Tuesday, October 14, 2008

Parsing Domestic Violence by Marriage and Class

This is Domestic Violence Awareness Month, so you may have seen a statistic like this: Nearly 25 percent of American women report being raped and/or physically assaulted by a current or former spouse, cohabiting partner, or date at some time in their lifetime.

This sort of statistic makes my students worry that they have a high likelihood of being beaten themselves. What this kind of scary blanket statistic obscures, though, is that educated, middle class, married people -- what the great majority of my students are likely to become -- are at the lowest risk of violence. As Waite and Gallagher note in The Case for Marriage, "the safest place for a women to be is inside marriage.” Being poor is an even greater risk factor than being unmarried: the National Family Violence Survey suggested that rates of "abusive violence" to women with annual incomes below $10,000 are more than 3.5 times those found in households with incomes over $40,000.

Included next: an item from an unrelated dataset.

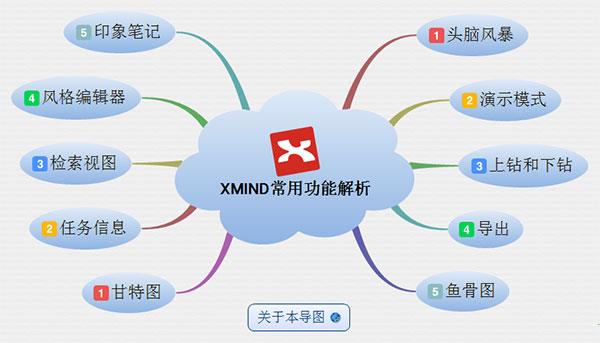 xmind中文破解版(附安装教程)pc端 v11.0.0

Domestic violence is a genuine problem for women and men of all marital states and social classes. But it is important in giving people a real sense of their own risks, and in fighting the culture of fear in general, to see that married middle class people are at low risk of domestic violence.


Katie said...

Yes, but notice that the statistic includes date rape. Future middle/upper class housewives are not immune from this part of the statistic, especially while in college. While it's wonderful that your students can most likely "breathe easy" that they will avoid domestic abuse, please be sure to not gloss over the very serious potential for date rape.

Gruntled said...

We do talk about date rape in class. We also note that women and men who conducting their courtship with no possibility of premarital sex (and no drunkenness) are also very unlikely to be subject to date rape, too.